Él pareció dudar. Frunció el ceño y el verde de sus ojos se hizo más profundo.

–Tal vez –dijo él por fin–. Lo he... oído alguna vez. No es un apellido muy común.

–No, no lo es.

Rachel intentó no apretar los labios, pero se sintió tentada a preguntarle que dónde había oído su apellido antes. ¿Le diría él la verdad? Lo dudaba. Se preguntó qué diría si ella le contaba que Sara Claiborne era su madre.

–En cualquier caso –añadió él– espero que el alojamiento sea de su agrado –miró al joven que esperaba con impaciencia al lado de su maleta–. Si necesita algo, sólo tiene que llamar a recepción y la ayudarán.

–Gracias.

Rachel tenía ganas de llegar a su habitación, quitarse la ropa y darse una buena ducha fría. Y después, llamaría al servicio de habitaciones, si es que lo había. Estaba encantada con la isla y con el hotel, pero la presencia de Matt, Matthew, Brody iba a ser una complicación.

Sobre todo, teniendo en cuenta el modo en que se sentía atraída por él.

Se obligó a sonreír y se separó del mostrador para seguir al joven botones, Toby, hacia las escaleras. Estaba casi segura de que al menos un par de ojos la estaban observando, y tuvo que contener las ganas de balancear las caderas para demostrar que no le importaba.

¿O estaba poniéndose paranoica? ¿Y engreída? Matt Brody no le había dado ningún motivo para pensar que estaba interesado por ella. Sólo le había dicho que le sonaba su apellido. Y si lo que ella sospechaba era verdad, no era de sorprender.

Tal y como había imaginado, las habitaciones del piso de arriba daban al vestíbulo, pero por dentro eran espaciosas y aireadas, con un balcón que daba a los jardines traseros del hotel.

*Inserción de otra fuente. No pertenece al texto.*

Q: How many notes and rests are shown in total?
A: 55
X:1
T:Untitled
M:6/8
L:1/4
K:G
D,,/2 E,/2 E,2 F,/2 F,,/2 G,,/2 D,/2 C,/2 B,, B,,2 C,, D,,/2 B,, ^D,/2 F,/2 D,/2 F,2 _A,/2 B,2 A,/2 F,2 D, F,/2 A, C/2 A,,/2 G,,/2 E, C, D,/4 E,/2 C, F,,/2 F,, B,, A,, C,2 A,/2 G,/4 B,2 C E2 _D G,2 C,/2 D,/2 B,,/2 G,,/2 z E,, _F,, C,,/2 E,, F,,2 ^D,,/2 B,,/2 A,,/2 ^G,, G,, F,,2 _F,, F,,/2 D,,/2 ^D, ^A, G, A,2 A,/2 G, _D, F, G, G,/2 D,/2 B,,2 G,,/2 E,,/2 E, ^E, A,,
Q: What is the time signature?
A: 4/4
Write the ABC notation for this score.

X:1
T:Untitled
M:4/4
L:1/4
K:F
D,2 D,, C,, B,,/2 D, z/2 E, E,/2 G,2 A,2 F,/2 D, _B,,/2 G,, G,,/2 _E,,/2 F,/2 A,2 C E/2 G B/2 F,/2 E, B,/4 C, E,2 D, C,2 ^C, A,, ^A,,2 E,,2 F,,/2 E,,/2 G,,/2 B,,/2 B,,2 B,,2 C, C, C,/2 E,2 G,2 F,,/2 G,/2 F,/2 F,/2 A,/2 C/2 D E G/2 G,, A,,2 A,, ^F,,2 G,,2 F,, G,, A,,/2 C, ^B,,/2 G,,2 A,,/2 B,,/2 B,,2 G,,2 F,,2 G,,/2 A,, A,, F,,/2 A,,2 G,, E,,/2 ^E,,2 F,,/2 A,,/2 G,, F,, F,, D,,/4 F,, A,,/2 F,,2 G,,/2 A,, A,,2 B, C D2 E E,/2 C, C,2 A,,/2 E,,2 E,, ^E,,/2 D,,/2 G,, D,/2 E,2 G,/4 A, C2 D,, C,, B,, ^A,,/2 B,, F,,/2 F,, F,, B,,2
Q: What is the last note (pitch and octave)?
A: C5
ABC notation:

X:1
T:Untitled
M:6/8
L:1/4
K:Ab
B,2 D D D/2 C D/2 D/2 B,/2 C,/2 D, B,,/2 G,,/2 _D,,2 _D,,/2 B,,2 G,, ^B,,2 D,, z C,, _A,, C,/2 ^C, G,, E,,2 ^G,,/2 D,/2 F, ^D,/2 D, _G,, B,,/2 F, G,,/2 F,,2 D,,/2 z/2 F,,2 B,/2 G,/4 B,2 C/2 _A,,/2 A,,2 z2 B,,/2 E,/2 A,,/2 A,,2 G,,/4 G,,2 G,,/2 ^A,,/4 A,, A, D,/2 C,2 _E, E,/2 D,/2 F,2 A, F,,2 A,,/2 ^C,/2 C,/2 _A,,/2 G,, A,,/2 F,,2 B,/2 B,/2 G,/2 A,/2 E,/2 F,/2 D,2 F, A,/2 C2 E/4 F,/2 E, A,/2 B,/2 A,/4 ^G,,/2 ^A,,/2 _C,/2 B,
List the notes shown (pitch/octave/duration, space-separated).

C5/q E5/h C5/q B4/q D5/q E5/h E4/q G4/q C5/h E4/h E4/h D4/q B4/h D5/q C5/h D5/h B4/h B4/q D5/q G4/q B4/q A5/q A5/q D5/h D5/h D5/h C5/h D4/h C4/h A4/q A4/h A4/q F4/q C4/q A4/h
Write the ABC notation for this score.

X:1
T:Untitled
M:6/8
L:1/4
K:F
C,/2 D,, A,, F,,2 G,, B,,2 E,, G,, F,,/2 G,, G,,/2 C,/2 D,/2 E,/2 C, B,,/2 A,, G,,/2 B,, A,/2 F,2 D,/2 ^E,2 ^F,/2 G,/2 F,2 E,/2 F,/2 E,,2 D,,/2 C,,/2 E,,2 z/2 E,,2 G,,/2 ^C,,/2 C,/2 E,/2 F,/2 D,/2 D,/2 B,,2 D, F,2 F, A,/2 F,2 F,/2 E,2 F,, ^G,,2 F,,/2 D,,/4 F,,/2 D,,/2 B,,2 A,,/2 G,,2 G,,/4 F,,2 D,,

Después de asegurarse de que tenía todo lo que necesitaba, Toby se marchó y Rachel se puso a inspeccionar su nuevo territorio. La habitación no era demasiado grande, pero era cómoda, con una cama doble, de estilo colonial, un escritorio y dos sillones.

También había unas sillas en el balcón, que estaba protegido del contiguo con un enrejado cubierto por una parra. Abajo estaba la piscina, que en esos momentos estaba casi desierta, a excepción de un par de niños que jugaban alrededor de las sombrillas.

En otras circunstancias, Rachel se habría sentido encantada. Siendo objetiva, la isla lo tenía todo, pero, como todos los paraísos, tenía que haber una serpiente y, a pesar de su fascinación, Matt Brody era quien, en ese caso, desempeñaba el papel.

¿Fascinación?

A Rachel no le gustaron los derroteros por los que iba su mente. ¿Acaso había olvidado el motivo por el que estaba allí? ¿O sus hormonas le estaban jugando una mala pasada? No era el momento adecuado de encontrar a un hombre peligroso y sexy.

El cuarto de baño era funcional, pero cómodo. Rachel se dio una refrescante ducha y luego se puso los calzoncillos y la camiseta que utilizaba para dormir. Le había dado mucho gusto quitarse los pantalones de lana con los que había llegado. El febrero de San Antonio no tenía nada que ver con el febrero de Londres.

Echó un vistazo a la información del hotel y vio que había servicio de habitaciones. No tenía demasiado apetito, ya que era aproximadamente medianoche en Londres y, a esas horas, ella estaba siempre en la cama, pero si no tomaba nada entonces, no aguantaría hasta la hora del desayuno.